Porte de la Mer
Il fut un temps où Alger regardait la mer sans crainte. Par cette ouverture majestueuse, l’ancienne Régence ottomane recevait les richesses du monde connu : esclaves libérés ou capturés, ambassades des rois d’Europe, marchands juifs, chrétiens, musulmans, tout un peuple qui faisait vibrer la ville au rythme des vents d’Orient.
Aujourd’hui, cette porte est muette. Le port la contourne, l’État l’ignore, les touristes ne la voient pas. Elle est là, comme un vieux sage que l’on a relégué en silence, parce qu’il en sait trop.
Porte Neuve
C’est par elle qu’est arrivé le désastre. 1830. Alger, jusqu’alors inviolée, tombe par cette brèche. Ironie du sort : cette « porte neuve » signe la fin d’un monde ancien. Depuis, la ville est restée ouverte, trop ouverte, à tout vent, à toutes les violences. Les barques sont devenues des frégates coloniales. Les bazars ont cédé la place aux comptoirs.
Et nous, que reste-t-il de nous après la conquête ? Rien que des rues où nos pas hésitent, et des noms de portes qu’on ne lit plus.
Bab El Oued
Elle était la porte du peuple. Celle des pêcheurs, des dockers, des enfants en sandales. Elle ne sentait pas le pouvoir, mais le pain chaud, l’iode, les palabres et les bagarres du quotidien.

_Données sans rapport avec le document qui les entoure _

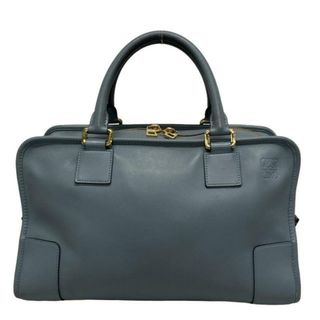 CELINE - CELINE セリーヌ ミニボストンバッグ トリオンフ CELINE - CELINE セリーヌ ミニボストンバッグ トリオンフ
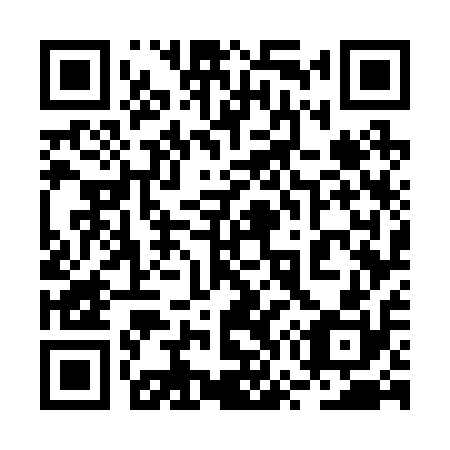 QR code for plate 2W 7210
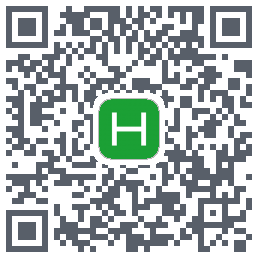 digital_map QRcode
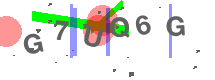 изображение Captcha
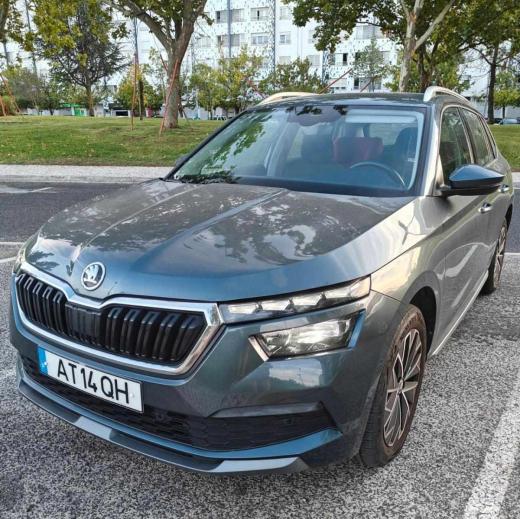 skoda-kamiq-1-0-tsi-2021-gasolina-999cc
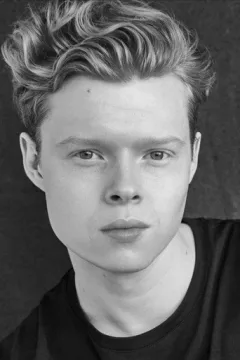 Kai Alexander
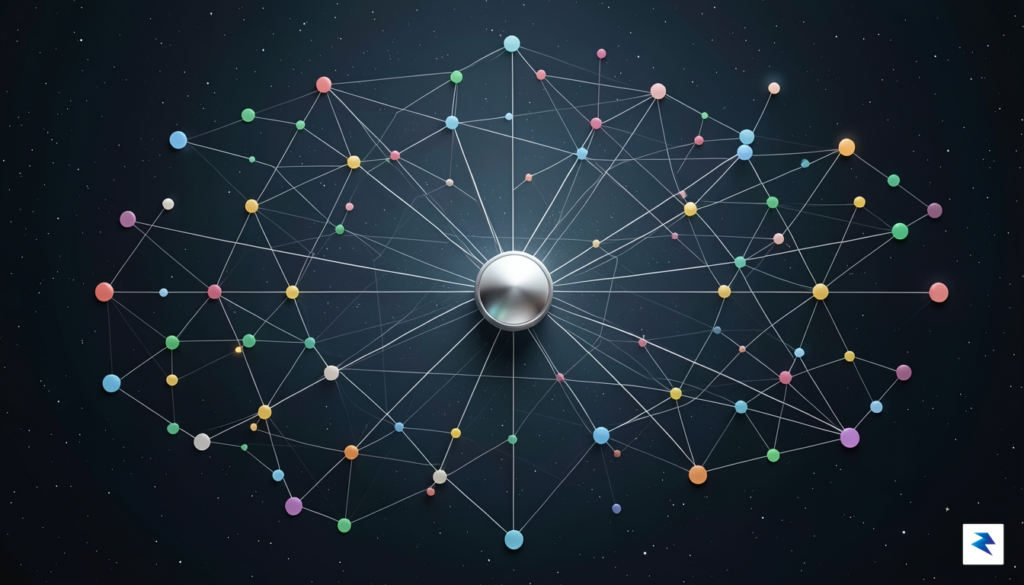 How Reddit&rsquo;s LLM Architecture Filters Scale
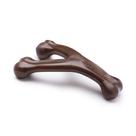 Benebone Wishbone Amendoim - P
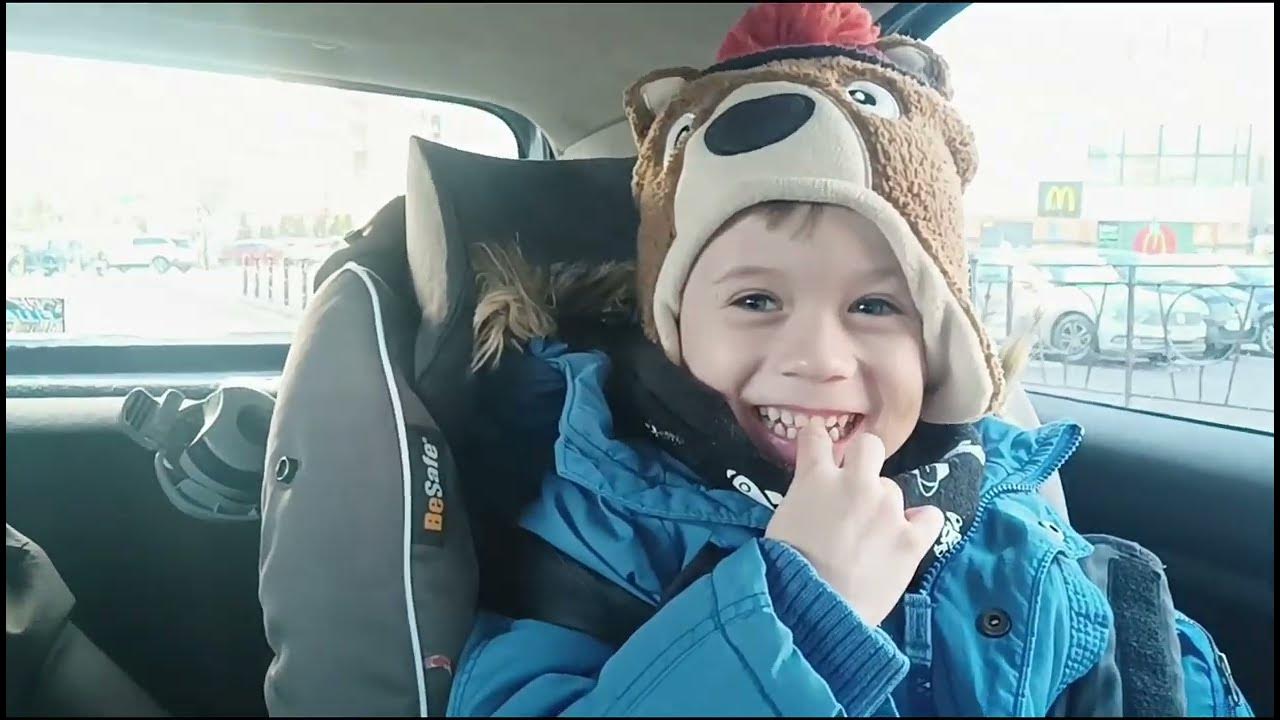 Podręcznik Do Polskiego Klasa 8 Patryczek wraca do irlandzkiego przedszkola, jedziemy do polskiego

Aujourd’hui encore, elle frémit d’une authenticité que nul lifting urbain ne peut gommer. Pourtant, même ici, on a dressé des murs invisibles. Le burkini y côtoie la pauvreté, les narguilés masquent la colère. On se baigne, mais on n’oublie pas. Car sous chaque vague, il y a une mémoire battue par l’indifférence.
Bab Azzoun
La plus marchande. La plus ouverte. La plus cosmopolite. On y venait d’Oran, de Constantine, de Laghouat. Bab Azzoun était le ventre d’Alger : là où s’échangeaient les épices, les rumeurs, les idées.
Mais les temps ont changé. Aujourd’hui, on y vend du faux cuir, des vêtements d’occasion, et des illusions bon marché.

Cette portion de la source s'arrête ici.